Luis Garcia Miró Elguera

Luis Garcia Miró Elguera

EL MUNDO AL REVÉS

Acerca de Luis Garcia Miró Elguera:



Favores, influencias, sobornos igual a corrupción

Hace siete décadas, la insuperable pensadora y literata Ayn Rand pronosticaba un ciclo perverso que ahora corroe a buena parte de la humanidad. Decía la escritora rusa, nacida Alissa Zinoviena: “Cuando adviertas que para producir necesitas obtener autorización de quienes no producen nada; cuando compruebes que el dinero fluye hacia quienes no trafican con bienes sino con favores; cuando percibas que muchos se hacen ricos mediante el soborno y por influencias más que por su trabajo, y que las leyes no te protegen contra ellos sino que, por el contrario, son ellos los que están protegidos contra ti; cuando descubras que la corrupción es recompensada y la honradez se convierte en un autosacrificio, entonces ya podrás afirmar, sin temor a equivocarte, que tu sociedad está condenada.”

Veámoslo por partes. Es una contundente verdad que los emprendedores peruanos están sometidos al yugo de la tramitomanía inventada por la izquierda para controlar la producción, y a la vez para emplear a la burocracia y convertirla en aliada electoral. En ese sentido, es un hecho que para producir lo que fuere en nuestro país se necesita autorización previa de papá gobierno, que no produce nada. De otro lado es innegable que todos los días y a cada hora comprobamos que el dinero fluye hacia quienes trafican con favores, y no con bienes. ¿O acaso, amable lector, no forma parte de esa tramitomanía el soborno generalizado entre la administración del Estado, para permitir que su expediente vaya fluyendo en cada uno de esos infinitos pasos que debe dar, siguiendo una ominosa legislación que institucionaliza la coima en el Perú? Y, ¿no es cierto, estimado lector, que constatamos a cada momento a muchos que, más que por su trabajo, se hacen ricos por influencias y por el soborno (pero ricos multimillonarios, como Toledo: US$35 millones, por citar a uno de tantos expresidentes imputados por corrupción); y que las leyes no nos protegen contra ellos sino que, por el contrario, son ellos los que están protegidos contra nosotros (el paradigma de jueces y fiscales que se llenan los bolsillos extorsionando a ciudadanos que, la mayoría de las veces, son inocentes, mientras absuelven a los auténticos culpables). O, ¿no es verdad que en el Perú la corrupción se recompensa y la honradez se convierte en un auténtico suplicio? Lo corrobora ese escándalo que venimos presenciando alrededor del caso Lava Jato, donde los grandes capos de la mafia de la construcción –Odebrecht y Graña, para empezar- se autoimputan un crimen como robarle al Estado decenas o centenares de millones de dólares y luego se acogen a confesiones sinceras que sólo sirven para camuflar su delito y reducir/anular las penas, mientras este país jamás recuperará su patrimonio robado.

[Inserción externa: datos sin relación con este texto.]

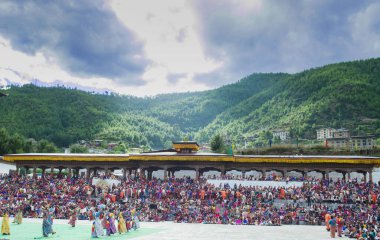 10 Ekim 2019, Thimphu Dzong, Bhutan Bir grup Bhutan dansçısı geleneksel kostümlerini giyip Tsechu festivalini vadi ve tepelerin nefes kesici doğal güzellikleriyle kutluyorlar..
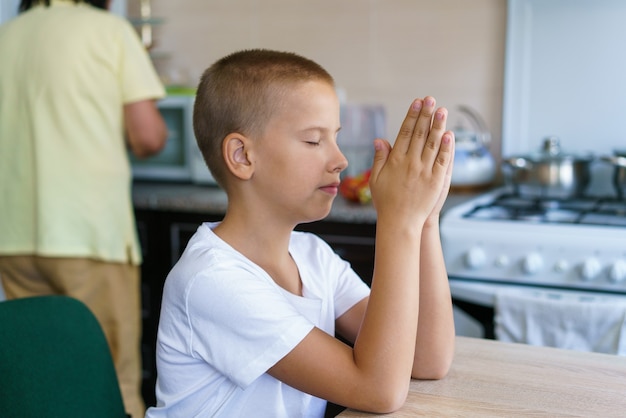 Kaukasischer Junge betet zu Hause am Tisch, bevor er isst, bleib zu Hause und bete zu Gott Online-Kirchenanbetung o ...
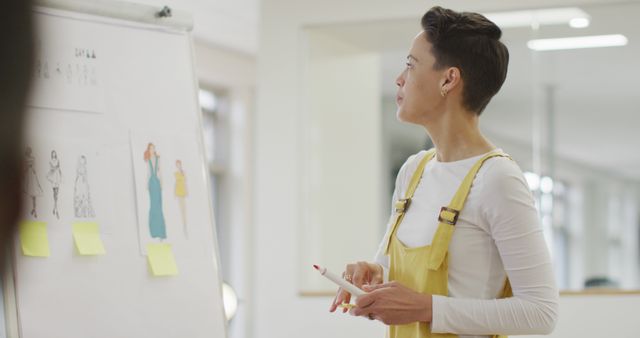 Fashion Designer Reviewing Garment Sketches on Whiteboard in Studio - Download Free Stock Images Pikwizard.com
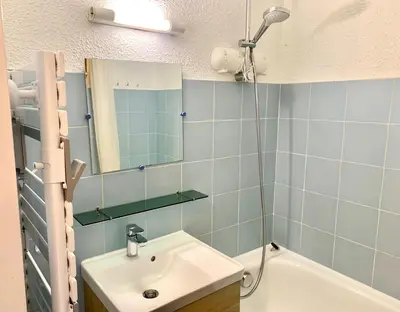 a bathroom with a sink and a mirror at Studio cosy au cœur de la station des Carroz in Arâches-la-Frasse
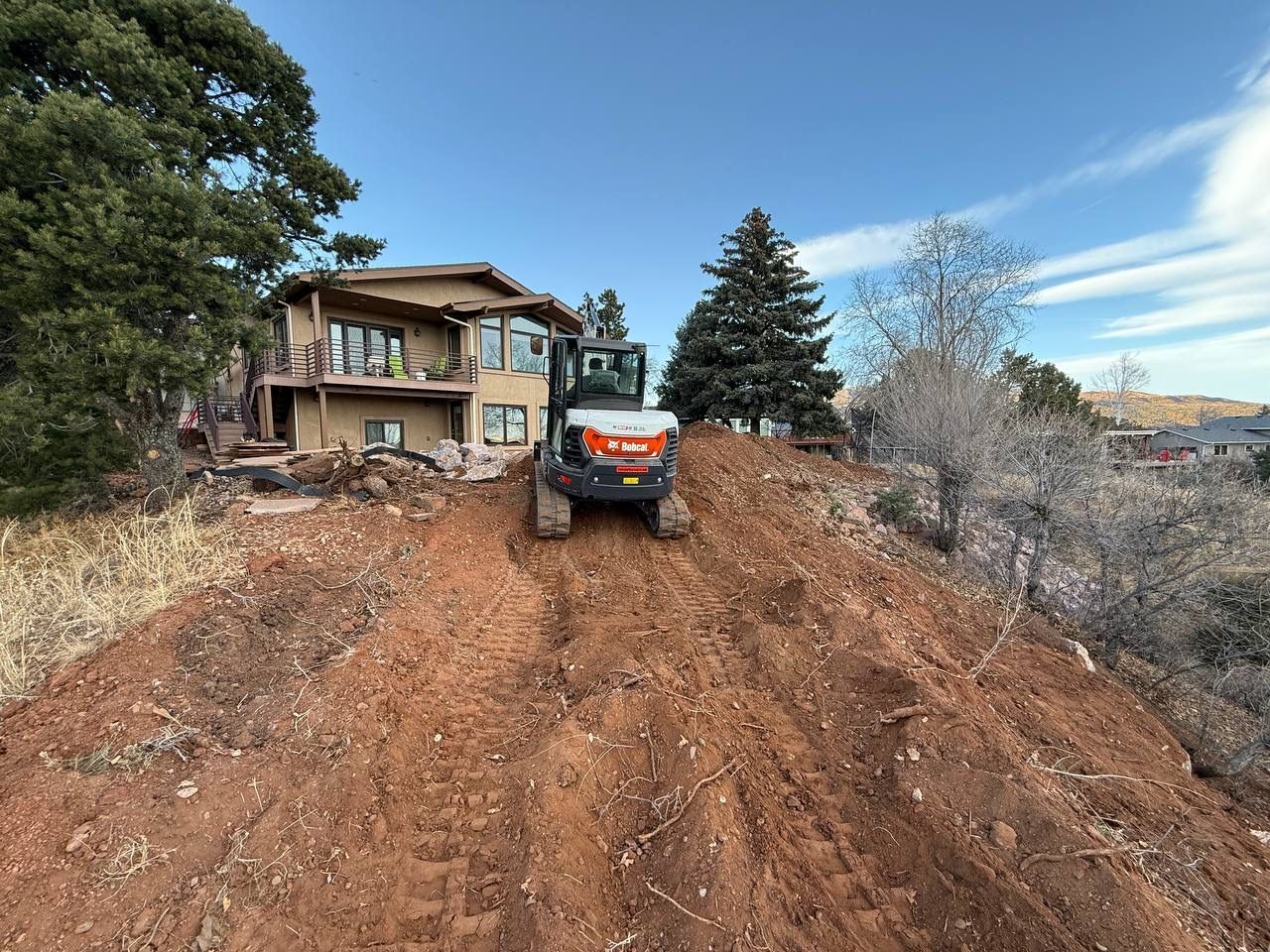 Orange ATV on a dirt driveway beside a house, with trees and a blue sky in the background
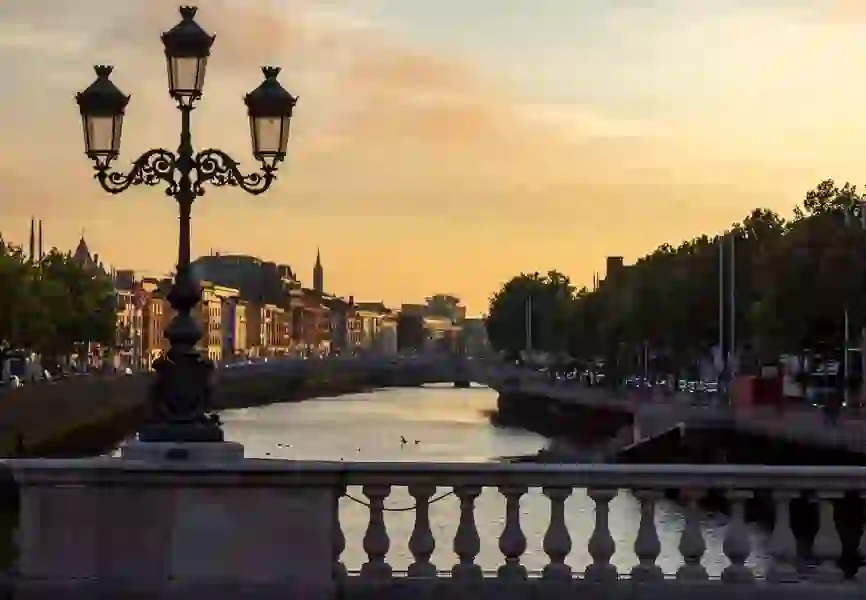 View of O'Connell Bridge and city skyline lit by golden evening light over the River Liffey.
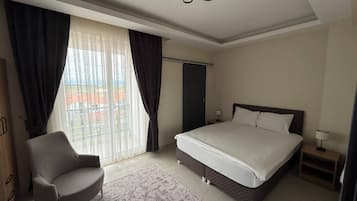 A hotel room with a bed, a chair, a nightstand, a lamp, and a view of the outside.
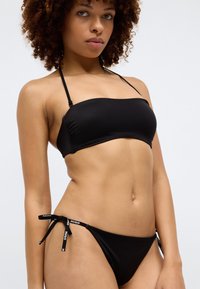 Μαύρο μπικίνι σετ από απαλό ύφασμα. Το τοπ διαθέτει αδιάβροχο σχέδιο, ενώ τα σλιπ έχουν δέσιμο στα πλάγια με ετικέτες της μάρκας.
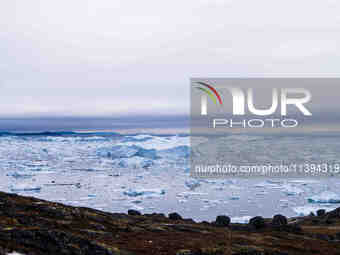 The Ilulissat Icefjord, also known as Sermeq Kujalleq, is draining approximately 7% of Greenland's ice sheet in Ilulissat, Greenland, on Jun...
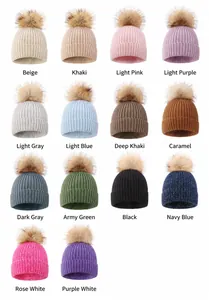 Showcase of various color options for children's knitted beanies with fur pom-poms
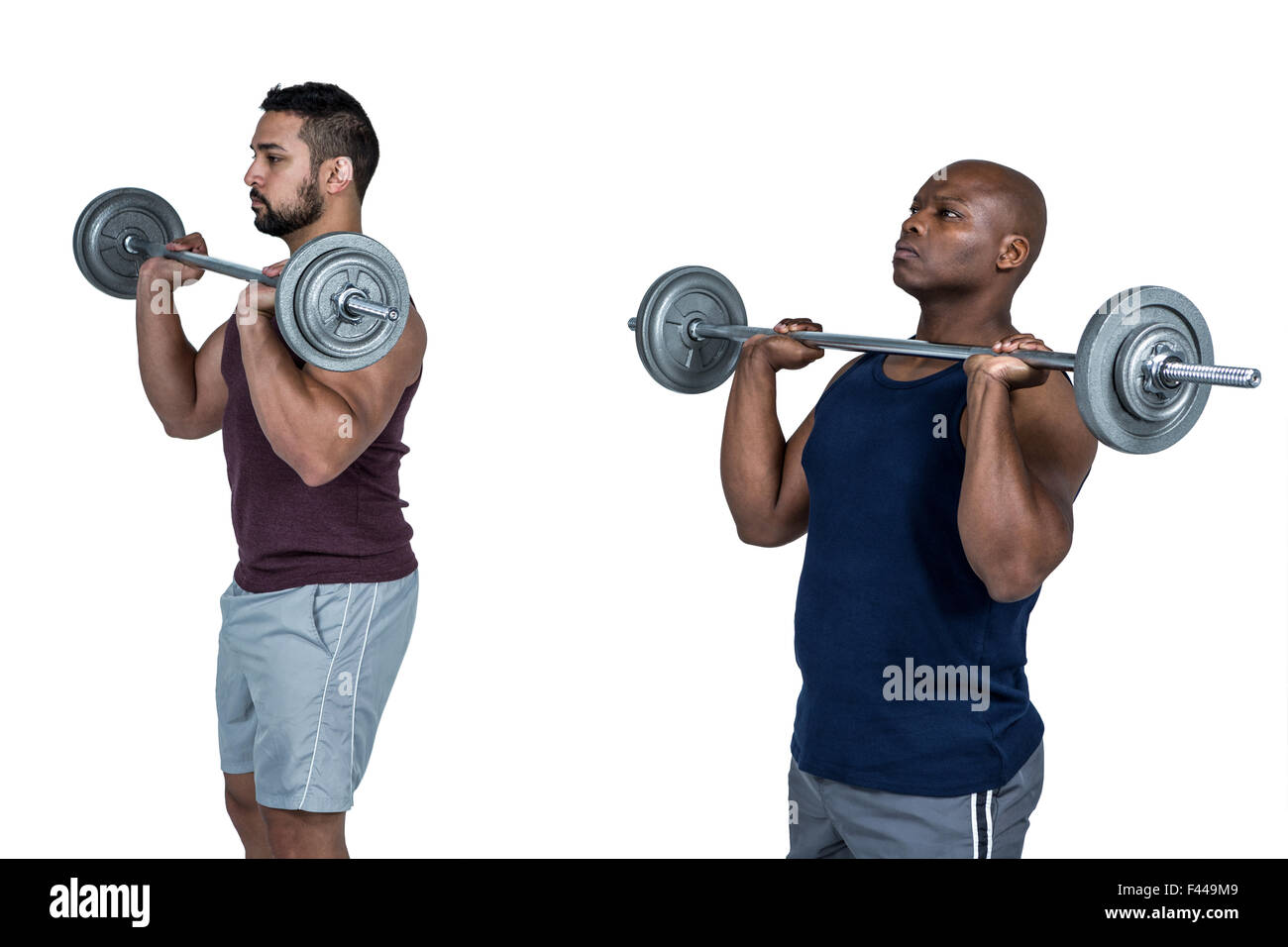 Due uomini muscolare il sollevamento barbell Foto Stock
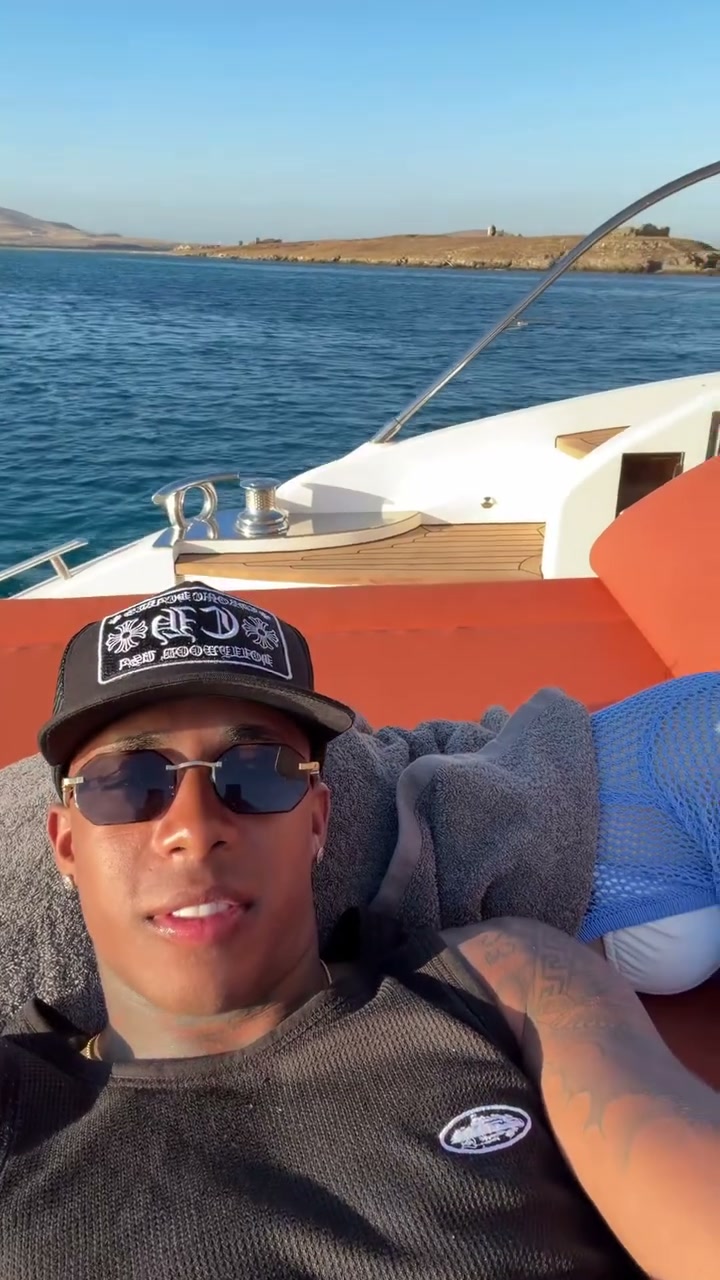 Two people relaxing on orange yacht cushions while a selfie camera pans across the sunset sea and back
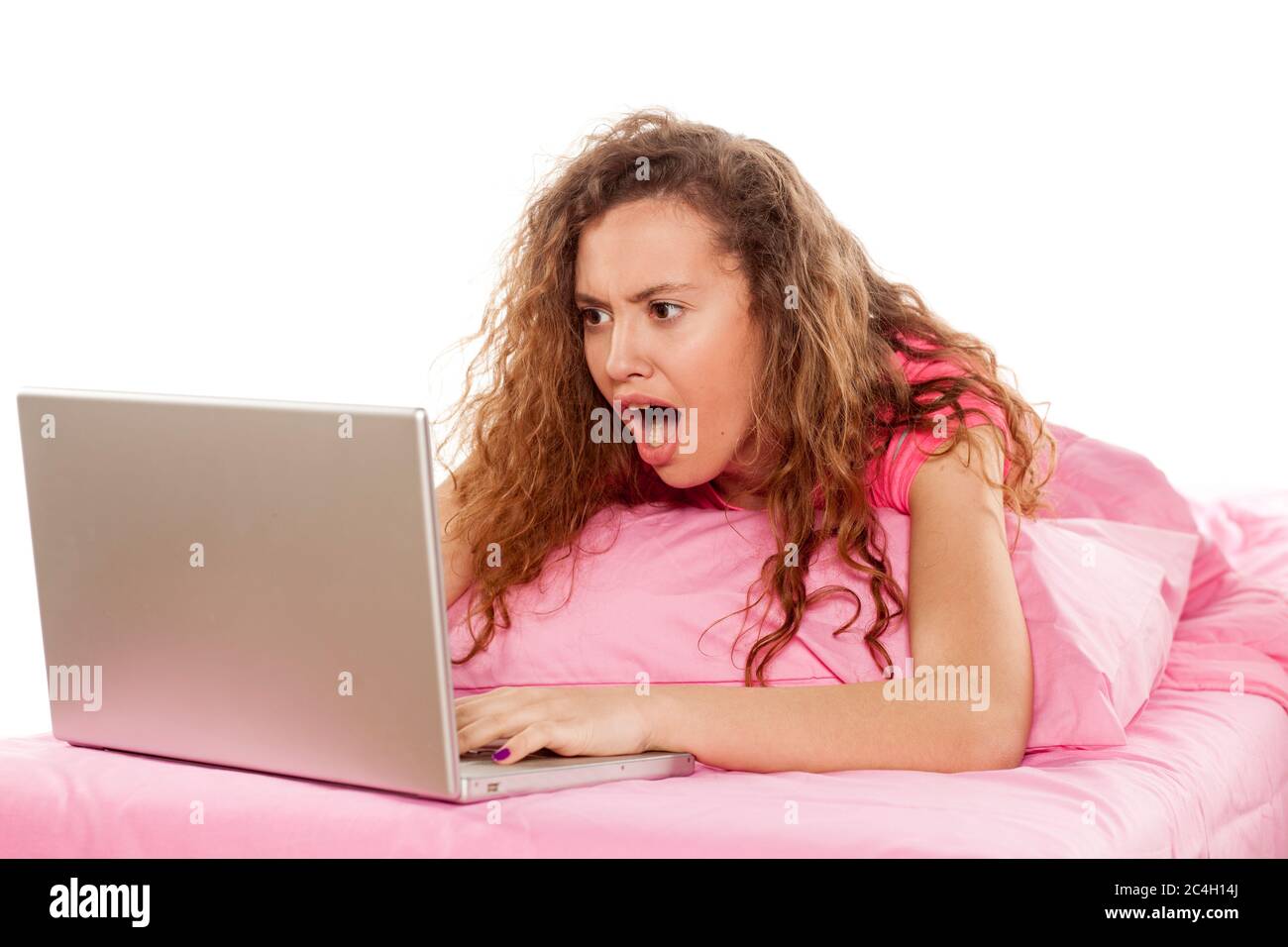 shocked girl looking at her laptop Stock Photo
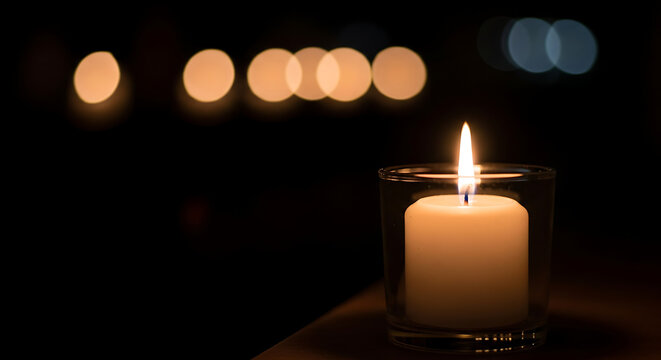A single lit candle casting a warm glow in the darkness with soft bokeh lights in the background, creating a serene and peaceful atmosphere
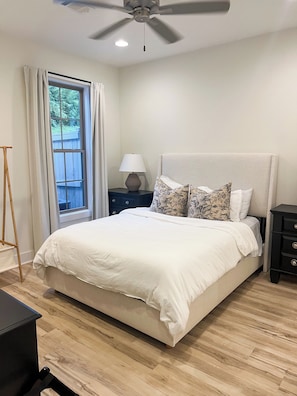 A bedroom with a bed, a ceiling fan, a nightstand with a lamp, a window with curtains, and a wooden floor. - Back To College! 3 Bed Rooms 2.5 Bathroom- College Street near 280 (Auburn)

En un Perú saqueado por su cúpula de poder –cinco presidentes, ene ministros, otros tantos directores, pinches, jueces, fiscales, grandes empresarios de la construcción, etc.- lamentablemente se cumplen todas las advertencias de Ayn Rand respecto a lo que constituye una sociedad condenada. ¡Esperemos que este mal no dure cien años!